◆ Your instructions:
Beginning with the line containing "Three vintage bracelets: Three" and going on through the line containing "Pink plush faux", the lines below are to be returned exactly, pictures excluded and nothing added.

(Image-caption web data)

# # # # #

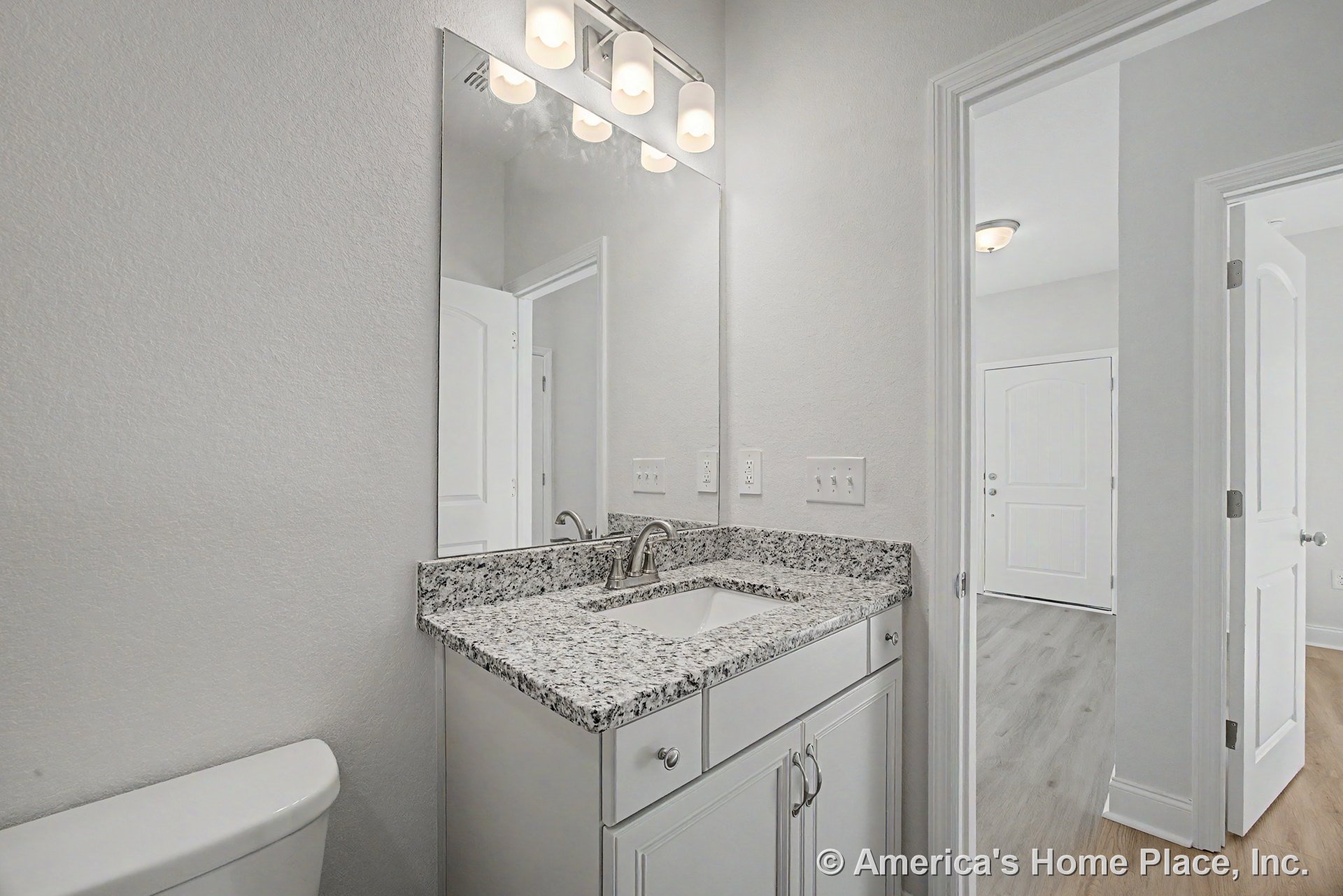 Granite countertop vanity with rectangular undermount sink, three-light fixture above expansive wall mirror, white cabinetry, neutral wall color, wood-look flooring visible in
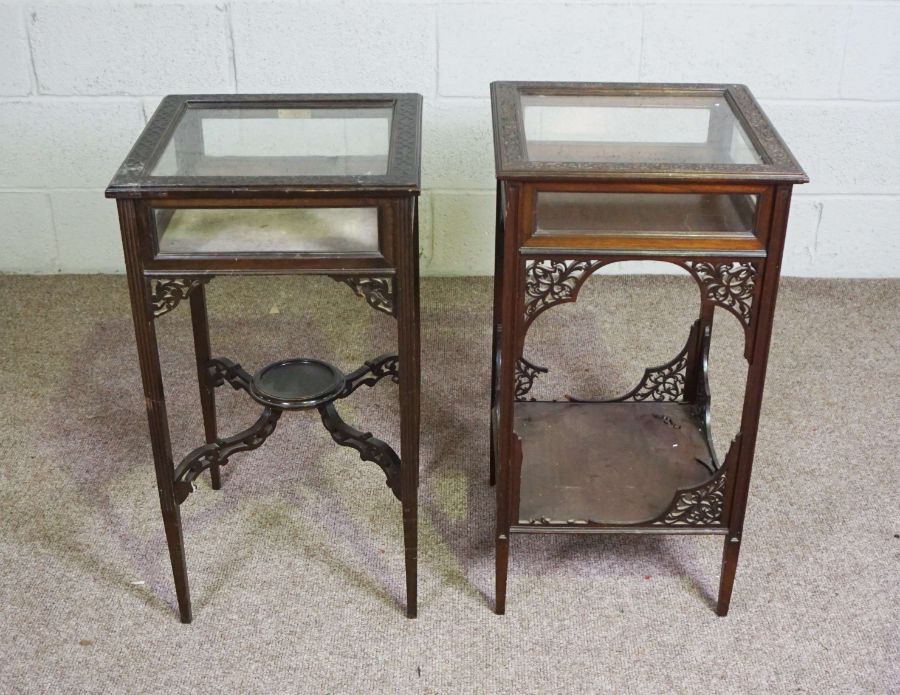 Two similar Edwardian vitrine tables, each with a square hinged and glazed top within blind fretwork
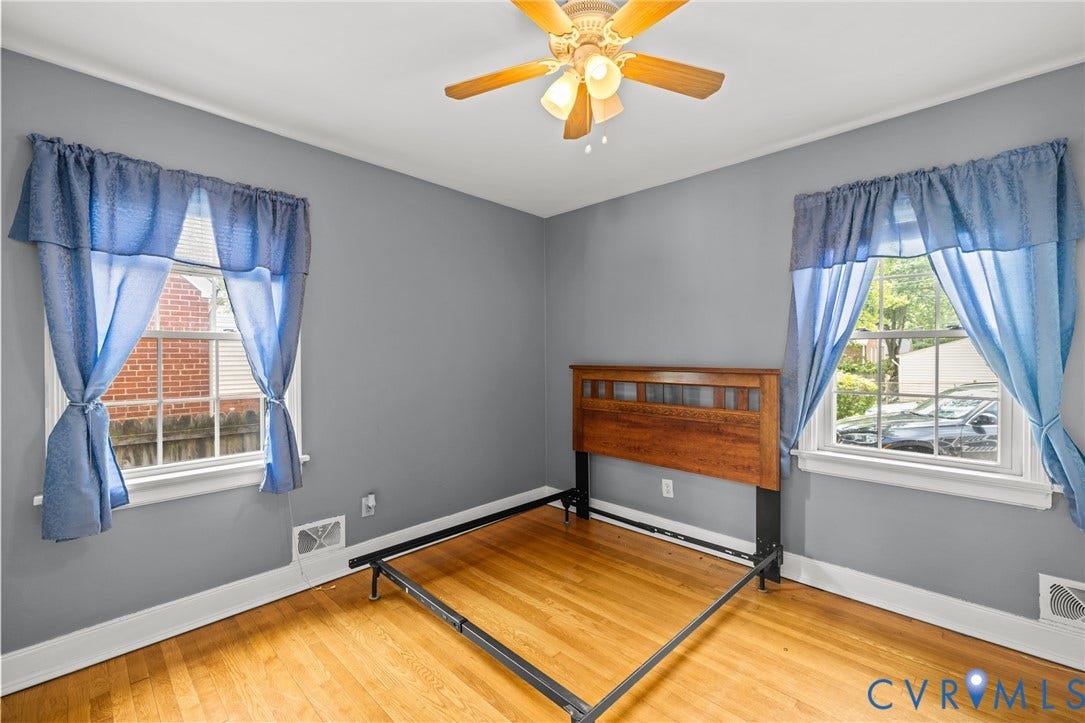2405 Dumbarton Road, Henrico, VA 23228 Hardwood flooring, two windows, ceiling fan with integrated lighting, and crown molding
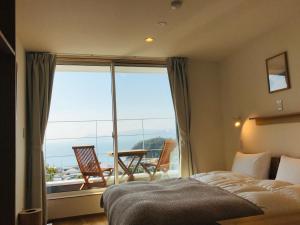 a bedroom with a bed and a balcony with a table and chairs at MY LODGE Naoshima in Naoshima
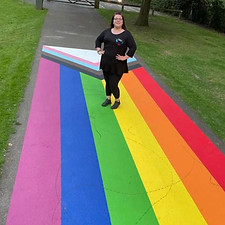 A picture of Michele, a Trustee of CrawleyLGBT. Michele is stood on a large painted rainbow progress flag. She is wearing a black CrawleyLGBT top.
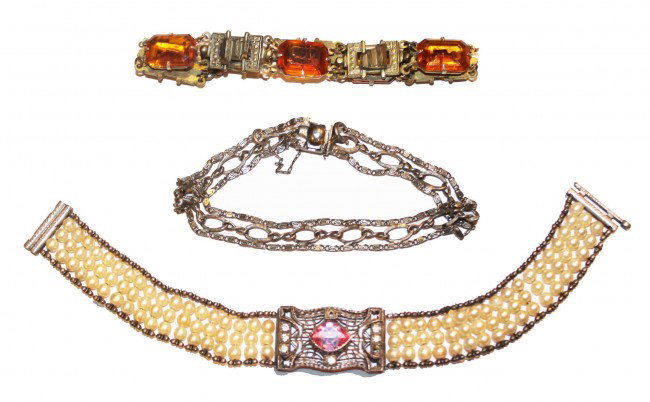 Three vintage bracelets: Three vintage bracelets: One has pearls and pink and clear stones. One is gold-colored with amber stones. One is signed "Lang" appears to be sterling but we could not find it marked.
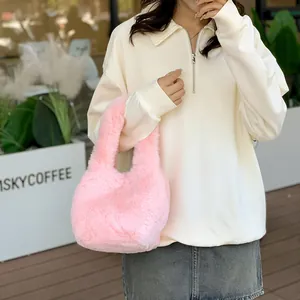 Pink plush faux fur tote bag with a soft fluffy texture for casual autumn fashion style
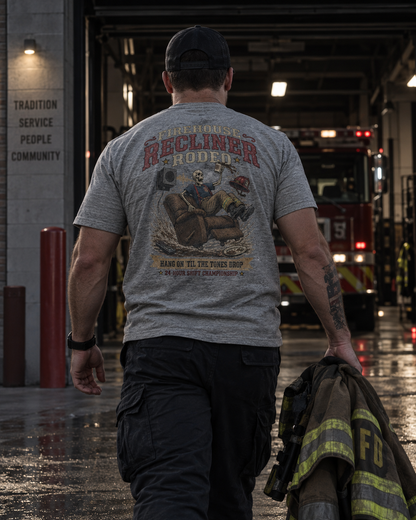 Firefighter walking toward a fire engine while wearing the heather gray Firehouse Recliner Rodeo T-shirt with turnout gear in hand.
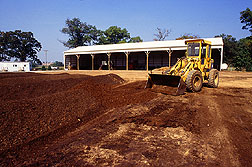 Photo: Composting facility with front end loader. 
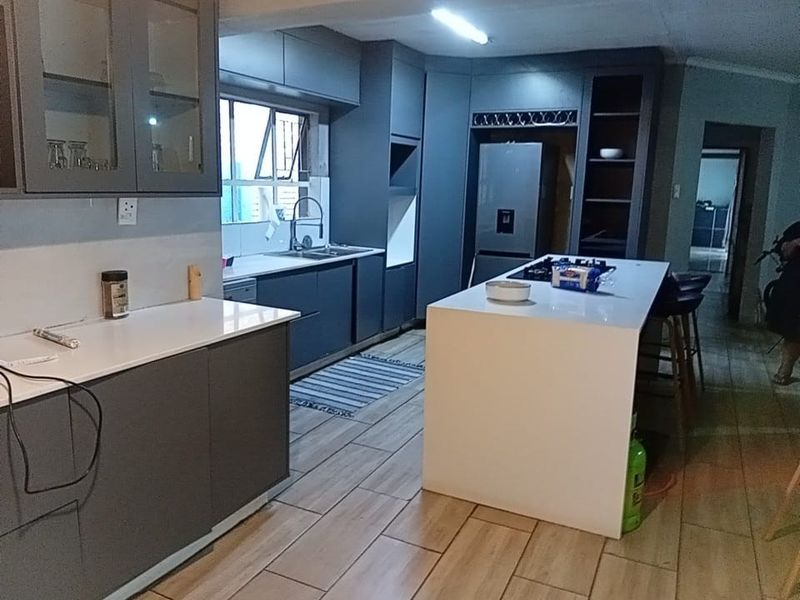 Modern kitchen featuring dark grey cabinetry, a central island with a white countertop, gas hob, and tiled flooring throughout.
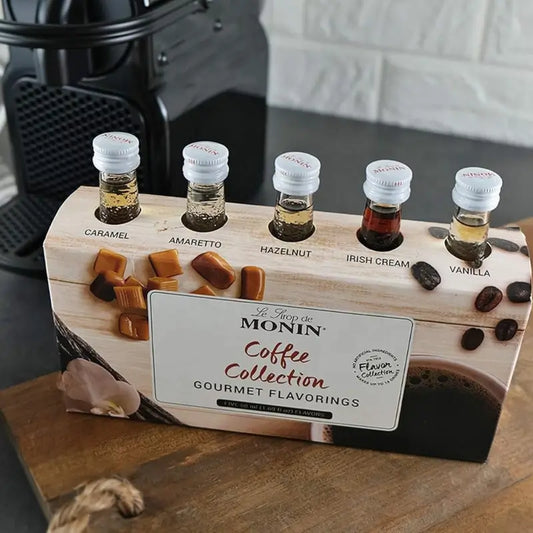 Set de jarabes MONIN Coffee Collection con 5 botellitas; sabores visibles como caramelo y vainilla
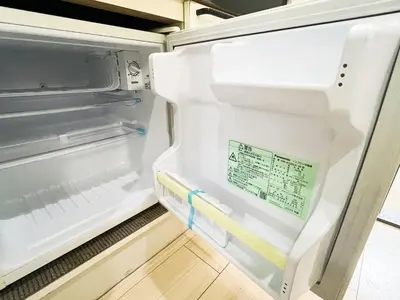 an empty refrigerator with its door open at \u5927\u585a\u99c55\u52064\u4eba\u53ef in Tokyo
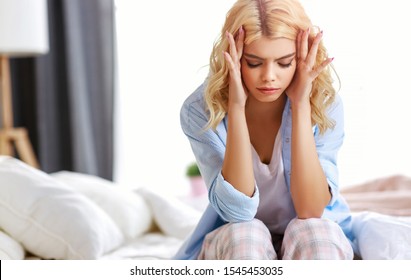 young woman with a headache, was sick in bed in the bedroom - Shutterstock ID 1545453035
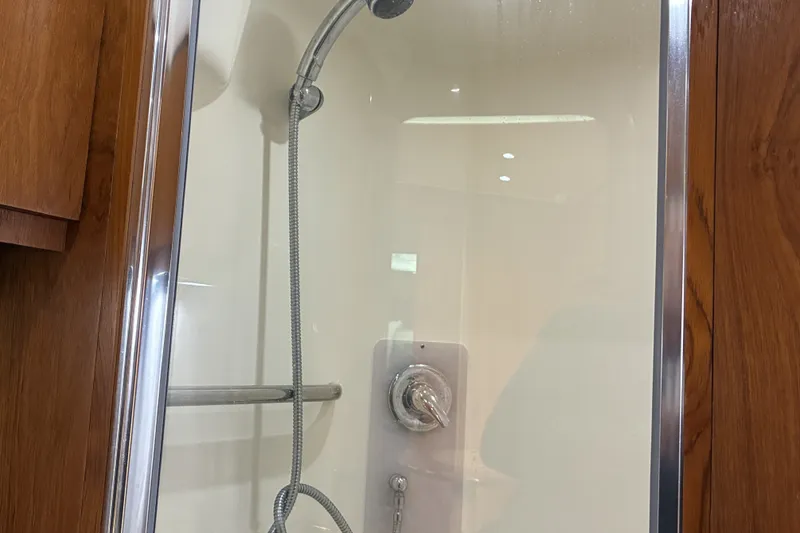 Slide: The Image of Shower area inside 2007 Tiara 3900 Sovran yacht, featuring chrome fixtures and wooden accents. - 57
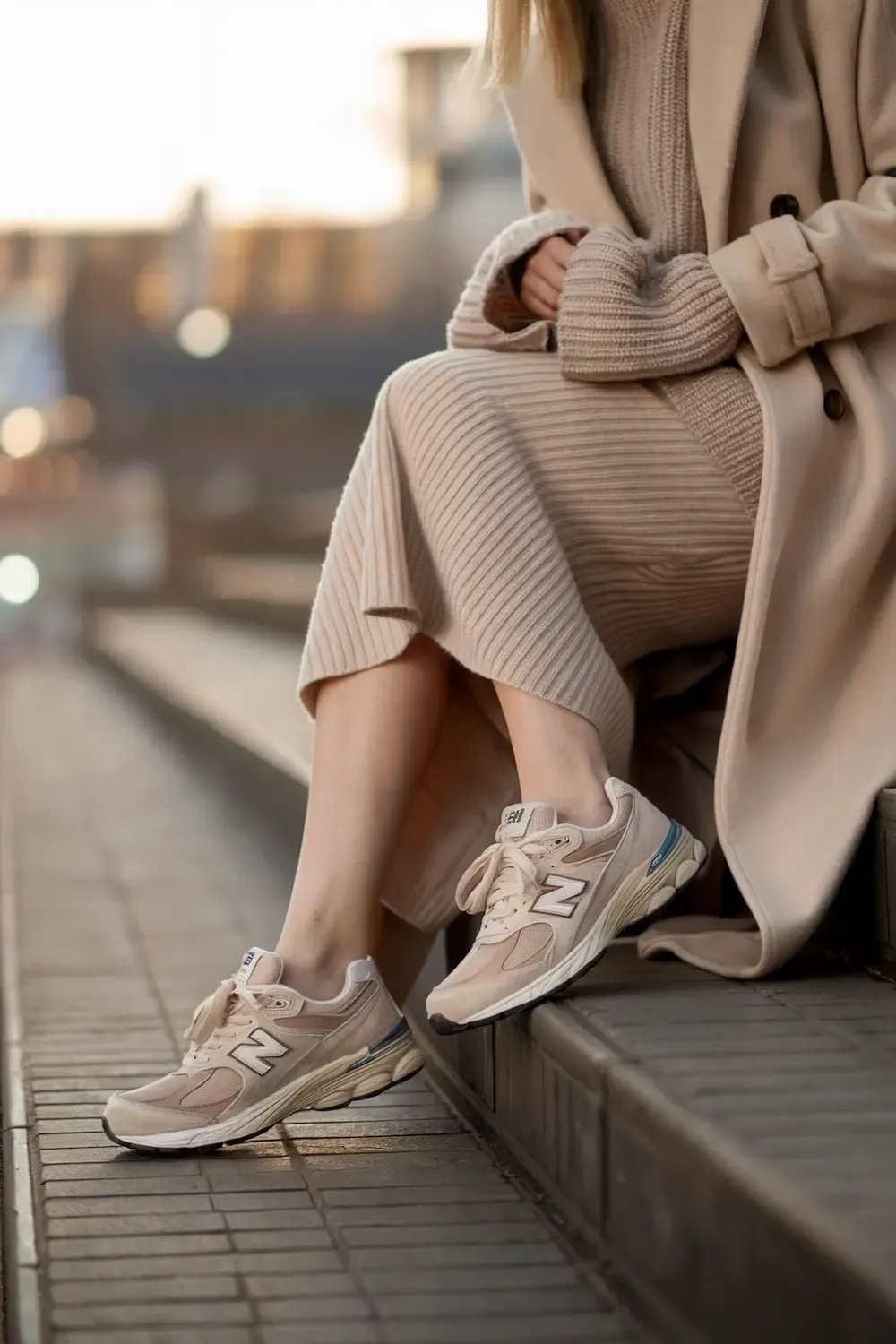Close-up detail shot of cream ribbed knit dress, beige coat, and beige New Balance sneakers, highlighting texture and color coordination in winter styling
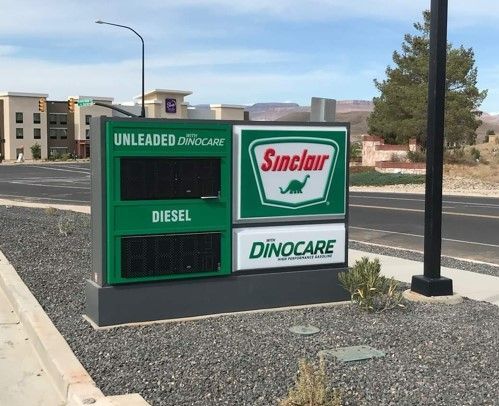 A gas station with a sign that says sinclair on it.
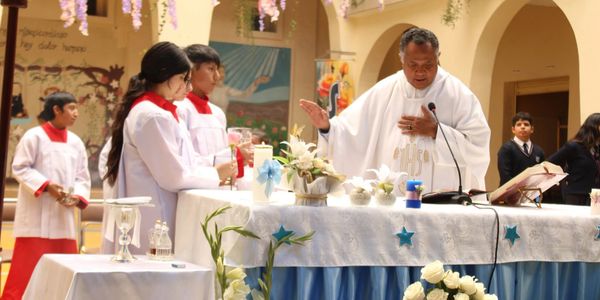 A priest and altar servers conducting a religious ceremony at a decorated altar.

# # # # #

◆ Exercise result:
 Three vintage bracelets: Three vintage bracelets: One has pearls and pink and clear stones. One is gold-colored with amber stones. One is signed "Lang" appears to be sterling but we could not find it marked.
 Pink plush faux fur tote bag with a soft fluffy texture for casual autumn fashion style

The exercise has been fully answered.